# What you are asked to do
Lines from the top of the listing down to the one with "Steel Coil Packing", inclusive, are to be copied exactly.

# Data
+ + + + +

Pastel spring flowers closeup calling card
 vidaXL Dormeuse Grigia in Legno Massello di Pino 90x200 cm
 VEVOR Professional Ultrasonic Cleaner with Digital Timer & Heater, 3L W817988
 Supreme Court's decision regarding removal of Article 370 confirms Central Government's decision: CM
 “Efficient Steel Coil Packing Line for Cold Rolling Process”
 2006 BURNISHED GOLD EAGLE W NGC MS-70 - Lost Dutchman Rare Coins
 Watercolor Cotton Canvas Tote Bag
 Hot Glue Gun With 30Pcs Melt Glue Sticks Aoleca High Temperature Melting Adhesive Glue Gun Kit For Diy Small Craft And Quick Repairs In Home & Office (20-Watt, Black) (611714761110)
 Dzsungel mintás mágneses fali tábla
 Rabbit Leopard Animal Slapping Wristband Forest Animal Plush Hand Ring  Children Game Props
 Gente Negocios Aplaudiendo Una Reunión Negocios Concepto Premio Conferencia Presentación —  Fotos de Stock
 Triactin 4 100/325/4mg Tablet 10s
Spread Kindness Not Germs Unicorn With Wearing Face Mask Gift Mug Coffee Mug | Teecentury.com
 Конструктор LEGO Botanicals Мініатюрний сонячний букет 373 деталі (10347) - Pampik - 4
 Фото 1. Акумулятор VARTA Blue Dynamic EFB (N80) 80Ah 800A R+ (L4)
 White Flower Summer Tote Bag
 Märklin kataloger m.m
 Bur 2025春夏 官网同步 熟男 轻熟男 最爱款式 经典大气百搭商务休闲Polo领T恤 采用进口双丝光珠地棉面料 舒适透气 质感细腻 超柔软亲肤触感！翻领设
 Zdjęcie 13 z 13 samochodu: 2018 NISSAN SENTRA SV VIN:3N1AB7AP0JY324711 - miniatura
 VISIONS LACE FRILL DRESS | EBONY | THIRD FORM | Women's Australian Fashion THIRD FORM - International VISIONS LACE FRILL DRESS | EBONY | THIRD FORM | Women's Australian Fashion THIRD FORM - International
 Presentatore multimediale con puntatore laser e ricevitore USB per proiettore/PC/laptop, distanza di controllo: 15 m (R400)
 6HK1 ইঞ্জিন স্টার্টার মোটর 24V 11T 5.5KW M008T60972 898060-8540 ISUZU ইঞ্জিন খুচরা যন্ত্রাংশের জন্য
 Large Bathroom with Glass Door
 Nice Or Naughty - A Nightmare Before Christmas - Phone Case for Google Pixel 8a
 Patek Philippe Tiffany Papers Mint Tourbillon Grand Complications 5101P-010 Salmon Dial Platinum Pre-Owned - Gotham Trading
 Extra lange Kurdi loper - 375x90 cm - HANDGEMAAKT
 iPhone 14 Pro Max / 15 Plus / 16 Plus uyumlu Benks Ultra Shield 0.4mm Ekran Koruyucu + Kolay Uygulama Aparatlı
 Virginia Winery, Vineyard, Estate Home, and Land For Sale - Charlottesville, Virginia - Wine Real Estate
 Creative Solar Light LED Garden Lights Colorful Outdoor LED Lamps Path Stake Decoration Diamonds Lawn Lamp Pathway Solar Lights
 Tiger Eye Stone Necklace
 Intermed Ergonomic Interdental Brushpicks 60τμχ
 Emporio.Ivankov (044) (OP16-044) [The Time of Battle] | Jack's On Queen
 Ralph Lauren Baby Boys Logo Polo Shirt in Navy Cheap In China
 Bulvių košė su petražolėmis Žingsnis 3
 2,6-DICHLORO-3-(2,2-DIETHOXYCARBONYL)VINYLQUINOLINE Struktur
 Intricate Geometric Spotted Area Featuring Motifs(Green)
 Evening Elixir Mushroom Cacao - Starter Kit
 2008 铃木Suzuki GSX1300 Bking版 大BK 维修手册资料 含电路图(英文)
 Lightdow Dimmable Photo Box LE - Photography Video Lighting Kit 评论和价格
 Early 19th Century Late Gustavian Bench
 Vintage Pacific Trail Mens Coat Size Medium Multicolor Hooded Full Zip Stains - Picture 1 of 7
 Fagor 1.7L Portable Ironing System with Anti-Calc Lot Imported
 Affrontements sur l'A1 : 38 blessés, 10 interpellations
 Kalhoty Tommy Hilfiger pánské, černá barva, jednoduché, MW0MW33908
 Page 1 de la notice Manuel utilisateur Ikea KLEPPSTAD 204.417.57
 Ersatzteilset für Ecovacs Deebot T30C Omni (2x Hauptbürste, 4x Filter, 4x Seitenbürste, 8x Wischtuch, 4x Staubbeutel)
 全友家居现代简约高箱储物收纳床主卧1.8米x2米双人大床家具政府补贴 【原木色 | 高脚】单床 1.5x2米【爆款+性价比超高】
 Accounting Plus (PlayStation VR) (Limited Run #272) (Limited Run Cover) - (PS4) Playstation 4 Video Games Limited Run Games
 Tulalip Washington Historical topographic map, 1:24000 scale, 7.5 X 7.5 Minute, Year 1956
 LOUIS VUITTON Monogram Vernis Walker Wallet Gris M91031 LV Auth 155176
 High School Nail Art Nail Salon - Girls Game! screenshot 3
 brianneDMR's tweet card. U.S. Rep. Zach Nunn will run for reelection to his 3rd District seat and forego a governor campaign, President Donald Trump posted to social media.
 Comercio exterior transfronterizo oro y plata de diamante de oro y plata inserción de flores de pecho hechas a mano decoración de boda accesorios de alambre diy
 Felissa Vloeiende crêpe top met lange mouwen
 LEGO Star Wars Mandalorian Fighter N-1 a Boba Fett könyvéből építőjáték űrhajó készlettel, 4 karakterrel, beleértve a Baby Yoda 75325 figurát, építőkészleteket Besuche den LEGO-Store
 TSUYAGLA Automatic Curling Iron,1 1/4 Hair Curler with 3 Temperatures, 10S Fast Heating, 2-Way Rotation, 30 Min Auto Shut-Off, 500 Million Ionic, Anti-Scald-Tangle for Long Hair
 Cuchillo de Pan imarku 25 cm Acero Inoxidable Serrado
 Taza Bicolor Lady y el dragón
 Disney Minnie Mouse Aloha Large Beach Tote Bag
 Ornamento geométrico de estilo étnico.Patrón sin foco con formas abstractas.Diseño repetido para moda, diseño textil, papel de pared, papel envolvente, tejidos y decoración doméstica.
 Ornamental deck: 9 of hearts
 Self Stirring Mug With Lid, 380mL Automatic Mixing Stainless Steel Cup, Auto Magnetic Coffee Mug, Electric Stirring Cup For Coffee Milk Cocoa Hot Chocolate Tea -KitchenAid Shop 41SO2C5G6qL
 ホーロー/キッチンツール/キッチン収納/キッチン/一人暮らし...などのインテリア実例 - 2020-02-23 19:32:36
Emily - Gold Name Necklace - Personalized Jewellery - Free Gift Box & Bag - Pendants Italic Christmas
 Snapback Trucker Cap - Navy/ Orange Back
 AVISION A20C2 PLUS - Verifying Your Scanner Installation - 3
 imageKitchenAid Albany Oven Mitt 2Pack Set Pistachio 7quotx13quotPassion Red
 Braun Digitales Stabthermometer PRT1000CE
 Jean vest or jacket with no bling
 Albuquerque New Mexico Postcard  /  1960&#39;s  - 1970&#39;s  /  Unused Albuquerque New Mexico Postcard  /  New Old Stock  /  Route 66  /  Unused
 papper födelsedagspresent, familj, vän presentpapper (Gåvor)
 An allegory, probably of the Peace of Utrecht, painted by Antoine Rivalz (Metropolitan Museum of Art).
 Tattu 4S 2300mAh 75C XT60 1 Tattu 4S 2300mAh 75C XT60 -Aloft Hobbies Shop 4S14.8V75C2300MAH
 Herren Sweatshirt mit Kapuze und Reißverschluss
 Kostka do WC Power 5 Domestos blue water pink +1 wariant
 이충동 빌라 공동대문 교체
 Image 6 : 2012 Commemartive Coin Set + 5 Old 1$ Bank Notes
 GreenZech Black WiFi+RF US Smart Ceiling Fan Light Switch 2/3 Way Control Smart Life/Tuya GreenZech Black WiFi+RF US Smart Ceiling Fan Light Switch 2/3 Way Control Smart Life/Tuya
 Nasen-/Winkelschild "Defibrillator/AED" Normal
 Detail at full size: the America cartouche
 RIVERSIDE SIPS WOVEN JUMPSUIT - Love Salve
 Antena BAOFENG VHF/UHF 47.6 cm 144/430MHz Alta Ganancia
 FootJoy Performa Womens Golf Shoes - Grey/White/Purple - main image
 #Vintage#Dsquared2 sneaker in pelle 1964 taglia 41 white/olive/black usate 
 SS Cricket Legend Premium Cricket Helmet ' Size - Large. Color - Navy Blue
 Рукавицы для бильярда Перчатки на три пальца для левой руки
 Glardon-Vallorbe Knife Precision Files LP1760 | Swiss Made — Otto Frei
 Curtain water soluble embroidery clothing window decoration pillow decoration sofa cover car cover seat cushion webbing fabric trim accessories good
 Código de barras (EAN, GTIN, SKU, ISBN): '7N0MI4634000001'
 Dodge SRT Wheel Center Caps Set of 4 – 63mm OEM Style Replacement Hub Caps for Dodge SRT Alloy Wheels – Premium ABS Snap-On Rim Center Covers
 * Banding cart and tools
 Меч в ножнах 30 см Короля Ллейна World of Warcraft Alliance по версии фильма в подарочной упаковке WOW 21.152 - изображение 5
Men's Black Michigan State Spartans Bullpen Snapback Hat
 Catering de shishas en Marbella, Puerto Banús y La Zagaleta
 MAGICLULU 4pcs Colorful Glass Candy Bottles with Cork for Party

+ + + + +

# Answer space
Pastel spring flowers closeup calling card
 vidaXL Dormeuse Grigia in Legno Massello di Pino 90x200 cm
 VEVOR Professional Ultrasonic Cleaner with Digital Timer & Heater, 3L W817988
 Supreme Court's decision regarding removal of Article 370 confirms Central Government's decision: CM
 “Efficient Steel Coil Packing Line for Cold Rolling Process”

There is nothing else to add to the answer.